My life in China, Part 26- Pumping iron

When you start living in a new country, it takes some time for your body to adapt. The changes in the food, water, and environment all take their toll, plus there can be a bit of stress involved. For all of us foreigners living in China, it took several months to a year to fully adapt. I had a friend that was never quite well the whole year he was there. He was pale, and no matter how much he ate, he kept losing weight. He would order a large container of rice stir-fried with egg every night before bed, hoping that he would gain some pounds- to no avail. Another friend developed heart palpitations and had to leave after just three months. In both cases, as soon as they got back to their home countries. They were fine.

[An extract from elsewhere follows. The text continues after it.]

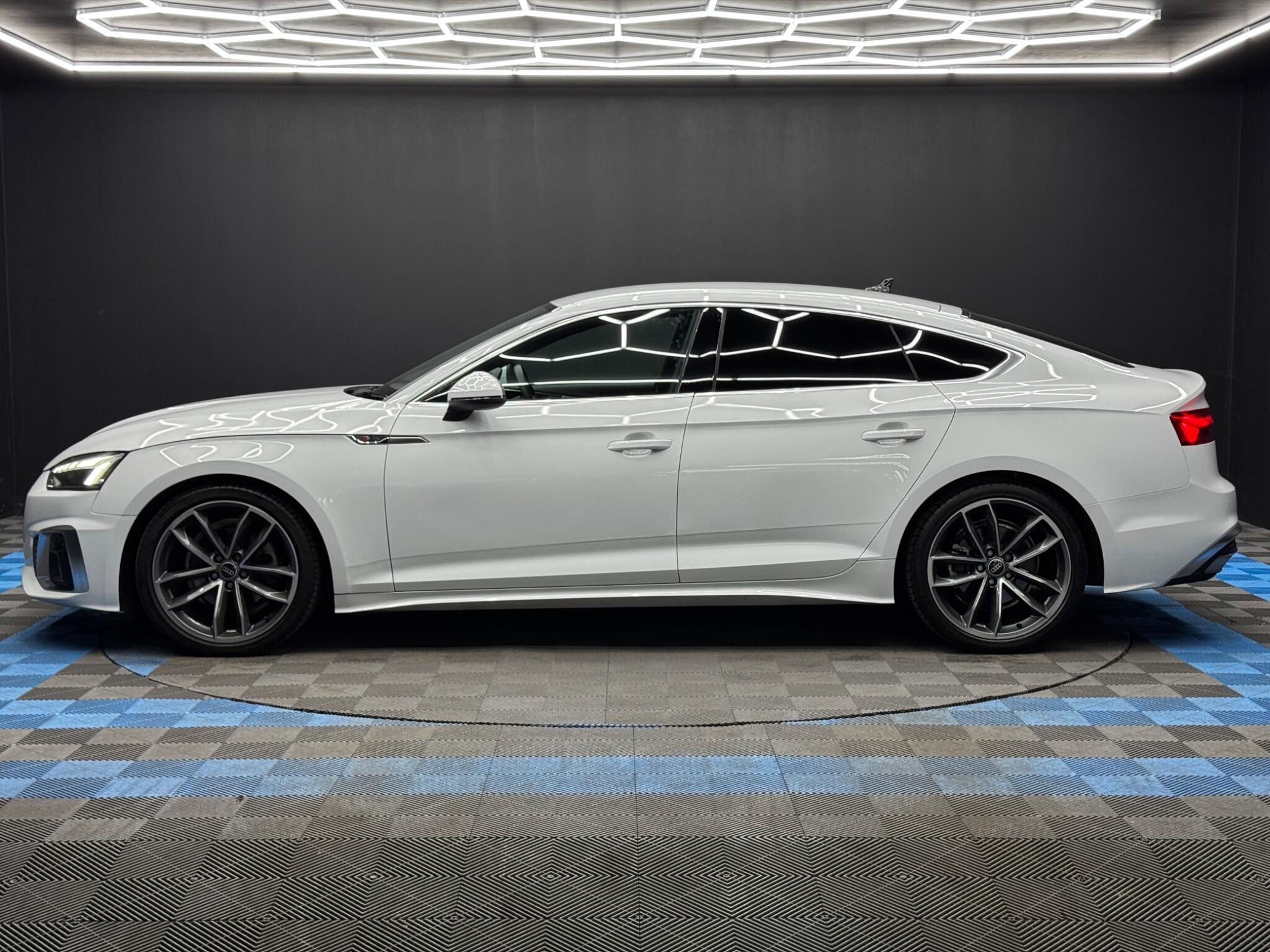Audi A5 view 8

Thus, I got sick quite often during those first few months in China. When I wasn’t blatantly ill, I felt run down much of the time, and although I didn’t lose weight, I didn’t gain any either. With the amount of food I was eating, I should have gained a lot. I tried many different foods I had never experienced before, and I wasn’t as careful as I should have been evaluating whether I should take risks. It was all so exciting and new, and I gobbled up just about anything people put in front of me. I learned some valuable lessons.

The water was part of the problem too. Growing up in the US, where you can drink from the tap in many places, it is hard to kick some of those old habits like rinsing your toothbrush. In China, especially in Baoding, ingesting just a few drops would put you out of commission for days. No washing fruit or vegetables that you planned to eat raw, indeed no glass of water to wet a dry throat at night, and when you showered or washed your face, you had to be very careful to keep your mouth shut. Even boiled water was full of pesticides and hard metals.

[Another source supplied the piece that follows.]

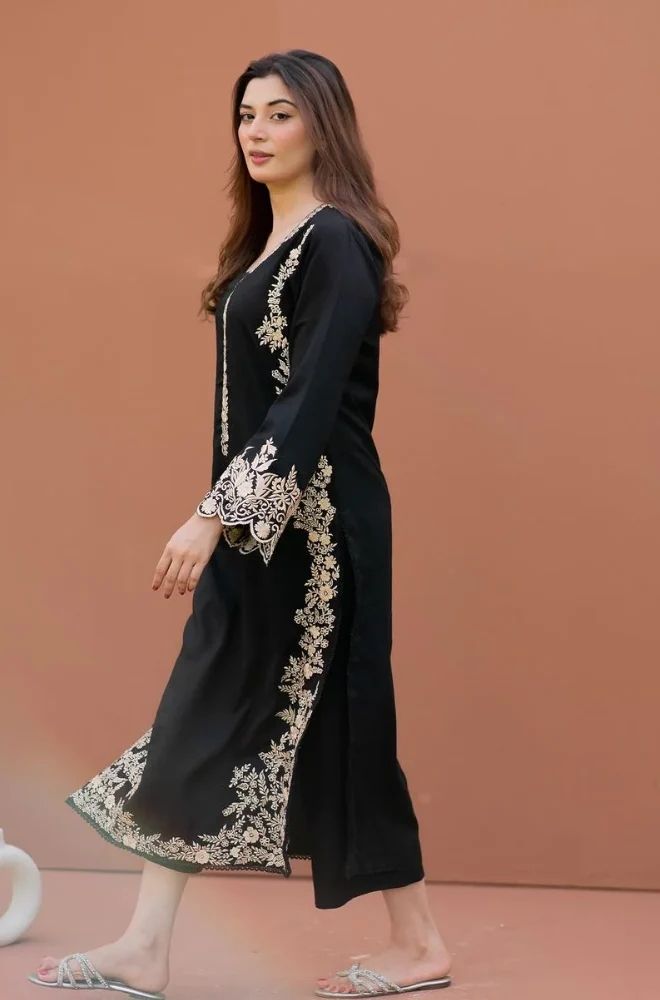 2 Piece Embroidered Lawn Suit - SKU:(LDS096)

The environment also had a significant impact. It was much dryer than my body was used to in Baoding, and the air pollution in winter was extremely high. It all culminated in a sinus infection that latched on and never fully let go the whole time I lived in China.

I mention all this because very early on, I realized that I needed to start exercising more. For one, I wanted to boost my immune system. More importantly, I was fresh out of four years of college, with its late-night pizza and fried food, and thus had a dad’s body at the ripe old age of 25. I had already made a massive change to my life by moving to China, so I thought, what would be a better time to get in shape? I would soon find that here, too, there would be interesting differences and stories to tell.

Most of the other foreigners I lived with had already been in the country for six months or more when I arrived. The typical contract was for one year and began in September. This was probably March. Therefore, I had a bit of an advantage in that they shared many of their learned lessons with me, struggles that I could avoid. The friend I mentioned above with the rice had also realized he needed to exercise more and had found a local gym. He urged me to join, so I agreed, thinking it would be like an establishment I was used to in the US. At the time, gyms were relatively rare in China and especially so in Baoding.

That first day of my new exercise routine, we walked across the street from Hebei University and into an apartment building. We went up the dark and dank stairwell to the fifth floor, the climb becoming part of the new routine. As a side note, virtually all residential buildings with less than seven floors do not have elevators in China. My in-laws live on the fifth floor of theirs, which at their age is quite a hike. Anyway, we came to a hall with a girl sitting at a little desk. We fumbled with our bad Chinese and managed to communicate that I wanted to sign up for a membership. I think it was like 100 RMB (roughly $15 at the time) for three months or something like that. Regardless, it was cheap. My friend then led me into the gym. It was, in many ways, like stepping back in time, inexpensive for a reason, and an introduction to a middle-aged Chinese man’s notion of exercise.

The entire space was probably about 500-600 square feet, certainly not a gymnasium. Immediately to the left of the entrance was a floor-to-ceiling mirror with a bar like you see in a dance studio. In front of that was a weight bench with an assortment of mix-matched barbells and free weights. Directly ahead were three antiquated weight machines, only one of which worked. To the right was an open area with some medicine balls and two ping pong tables, one of which was occupied by two older gentlemen (the only others in the room). As soon as we entered, their spirited game came to a sudden stop, with the sound of the ping pong ball bouncing its way off the table. They just stared at these two young foreigners who were most certainly very well lost. Beside them was a table with a hissing water boiler and several thermoses. Yes, not a water cooler, a water boiler, which leads me to my first significant difference.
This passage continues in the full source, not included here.